# Minkowski content

The Minkowski content of a set (named after Hermann Minkowski), or the boundary measure, is a basic concept in geometry and measure theory which generalizes to arbitrary measurable sets the notions of length of a smooth curve in the plane and area of a smooth surface in the space. It is typically applied to fractal boundaries of domains in the Euclidean space, but makes sense in the context of general metric measure spaces. It is related to, although different from, the Hausdorff measure.

## Definition

Let $\scriptstyle(X,\, \mu,\, d)$ be a metric measure space, where d is a metric on X and μ is a Borel measure. For a subset A of X and real ε > 0, let

$A_\varepsilon = \{ x \in X \, | \, d(x, A) \leq \varepsilon \}$

be the ε-extension of A. The lower Minkowski content of A is given by

$M_*(A) = \liminf_{\varepsilon \to 0} \frac{\mu(A_\varepsilon) - \mu(A)}{\varepsilon},$

and the upper Minkowski content of A is

$M^*(A) = \limsup_{\varepsilon \to 0} \frac{\mu(A_\varepsilon) - \mu(A)}{\varepsilon}.$

If M*(A) = M*(A), then the common value is called the Minkowski content of A associated with the measure μ, and is denoted by M(A).

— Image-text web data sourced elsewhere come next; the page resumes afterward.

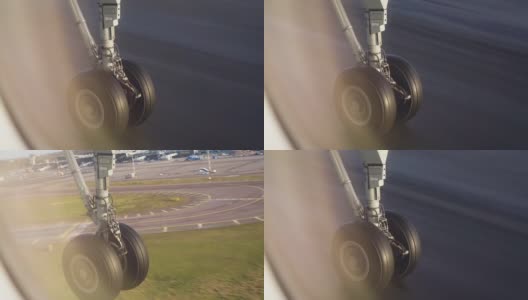 芬兰赫尔辛基机场飞机起落架起飞和收回高清在线视频素材下载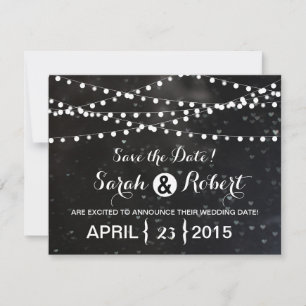 Schwarze Bokeh-Lichterkette Save the Date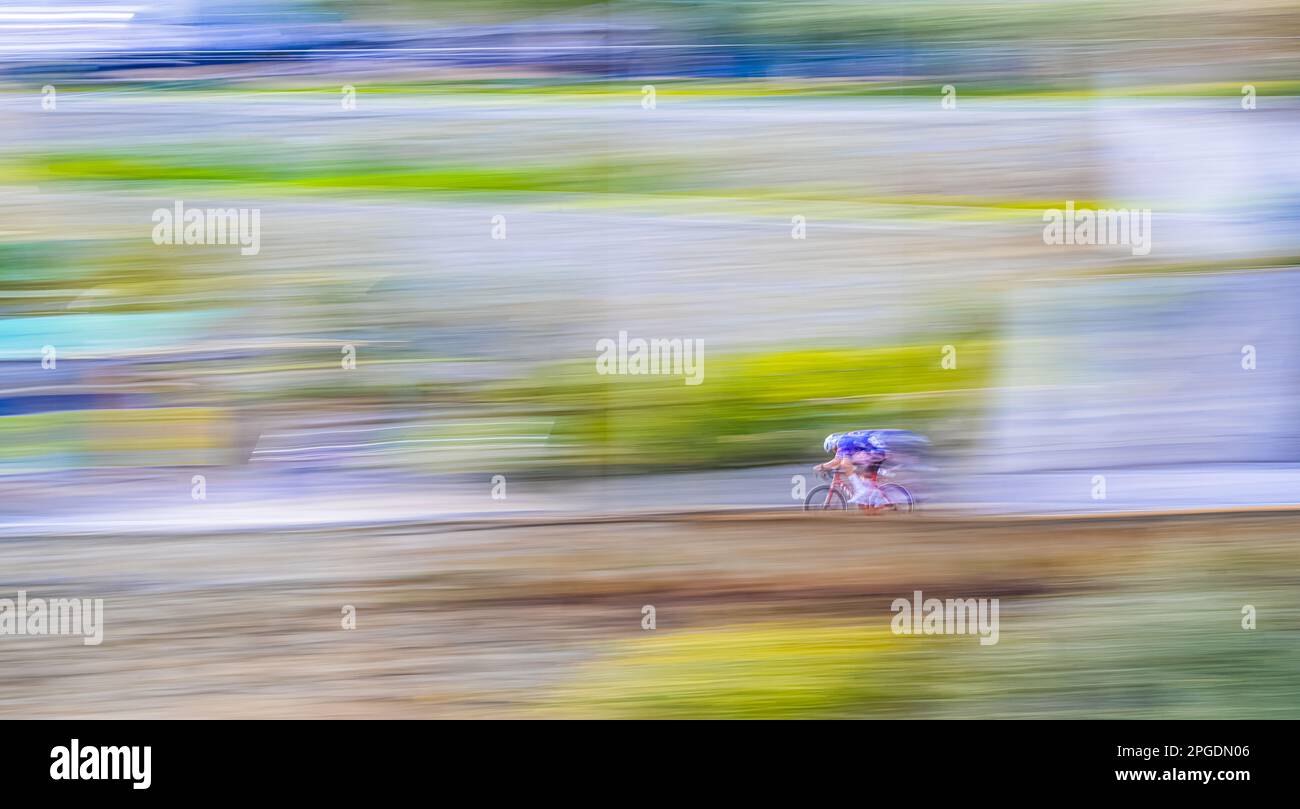 18/03/2023 Matthieu Van der Poel (Alpecin–Deceuninck) descends the Poggio on his way to winning Milan Sanremo. Stock Photo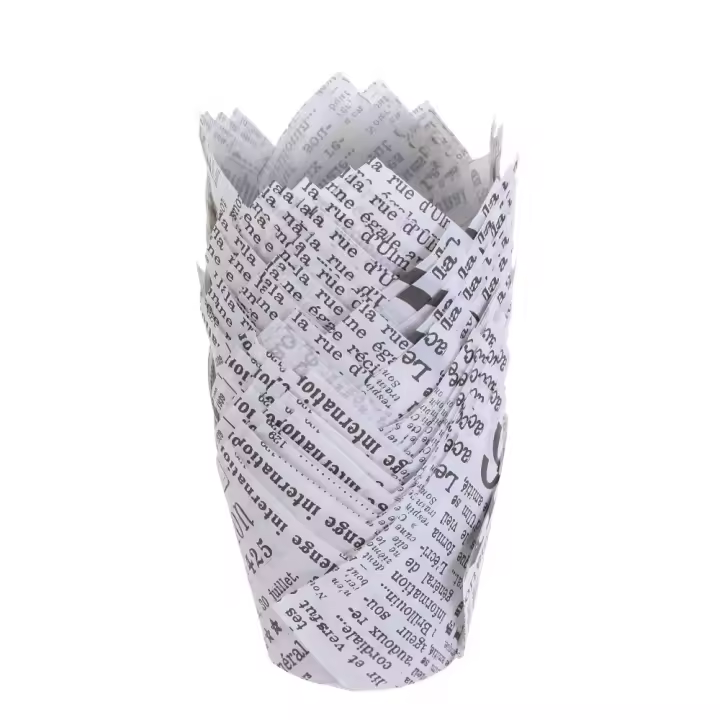 Bandeja de pastel de tulipán para hornear, 50 piezas, papel a prueba de grasa, revestimientos para magdalenas, tazas para muffins - 1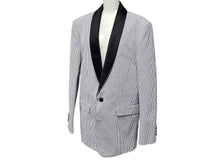 画像をギャラリービューアに読み込む, 極美品 CELINE シアサッカーストライプ テーラード ジャケット 2V215087I ホワイト ブルー ブラック コットン ポリエステル サイズ52 中古 4c074643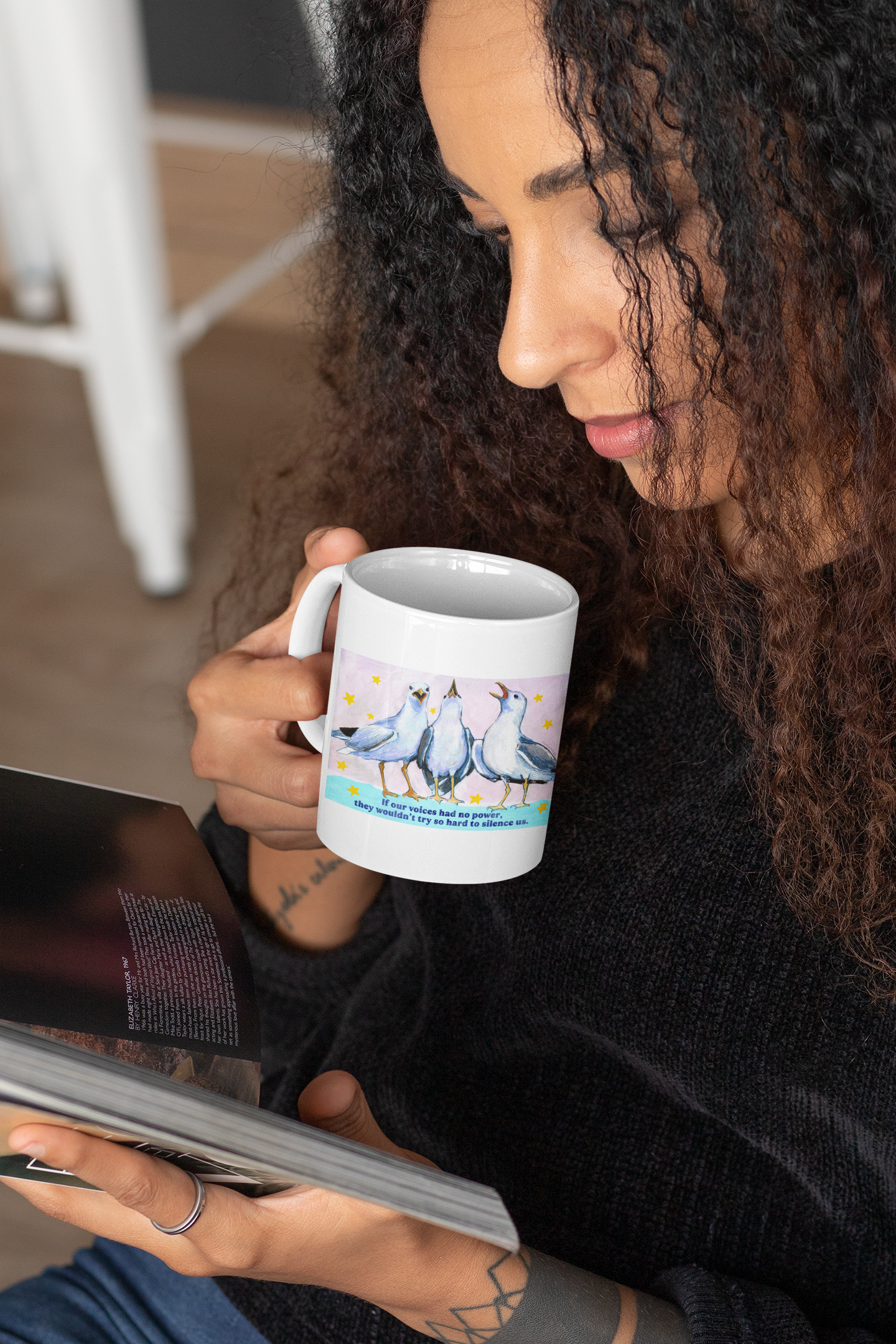If our voices had no power, they wouldn't try so hard to silence us: feminist mug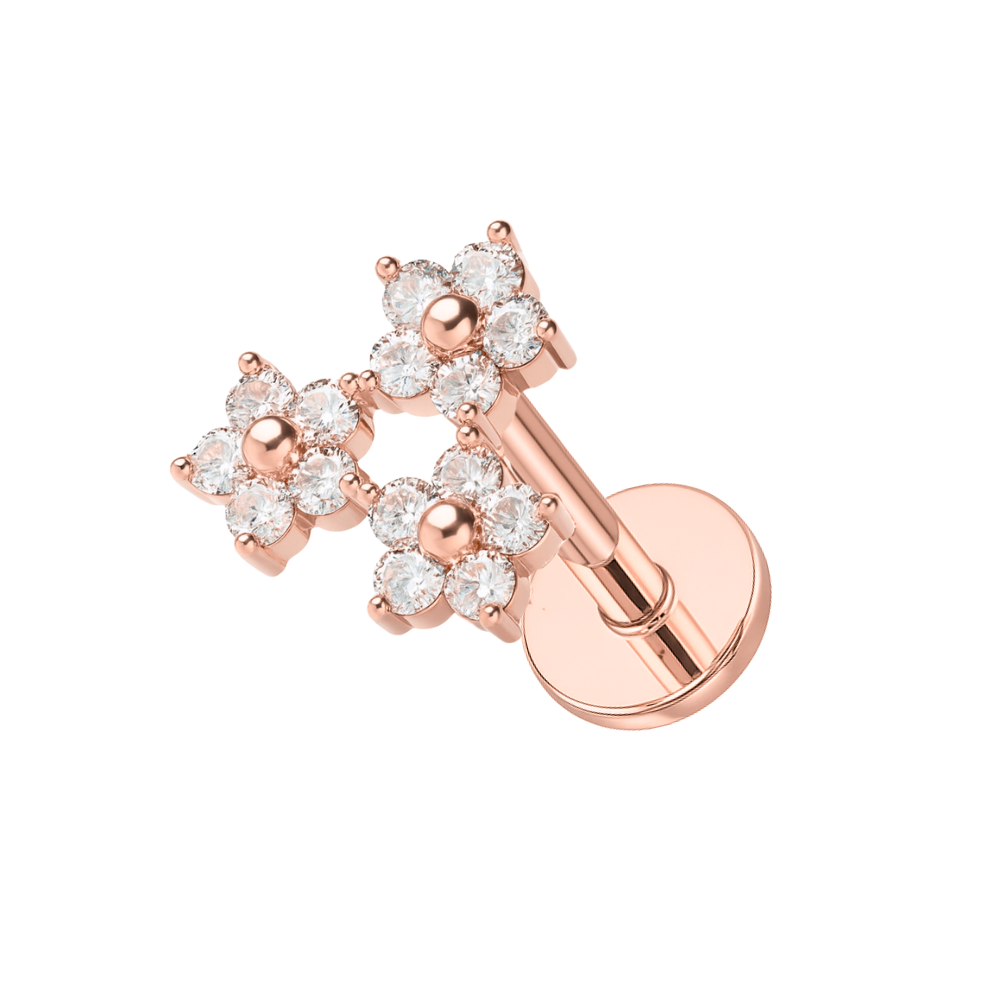 316L Surgical Steel Trinity Floral Flower Flatback Cartilage Ear Stud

## Minkowski content in Rn

Let A be a subset of Rn. Then the m-dimensional Minkowski content of A is defined as follows. The lower content is

$M_*^m(A) = \liminf_{\varepsilon \to 0} \frac{\mu(A_\varepsilon) - \mu(A)}{\alpha_{n-m}\varepsilon^{n-m}}$

where αnm is the volume of the unit (nm)-ball and $\mu$ is $n$-dimensional Lebesgue measure. The upper content is

$M^{*m}(A) = \limsup_{\varepsilon \to 0} \frac{\mu(A_\varepsilon) - \mu(A)}{\alpha_{n-m}\varepsilon^{n-m}}.$

As before, if the upper and lower m-dimensional Minkowski content of A agree, then the Minkowski content of A, Mm(A), is defined to be this common value.

## Properties

• The Minkowski content is (generally) not a measure. In particular, the m-dimensional Minkowski content in Rn is not a measure unless m = 0, in which case it is the counting measure. Indeed, clearly the Minkowski content assigns the same value to the set A as well as its closure.
• If A is a closed m-rectifiable set in Rn, given as the image of a bounded set from Rm under a Lipschitz function, then the m-dimensional Minkowski content of A exists, and is equal to the m-dimensional Hausdorff measure of A, apart from a constant normalization depending on the dimension.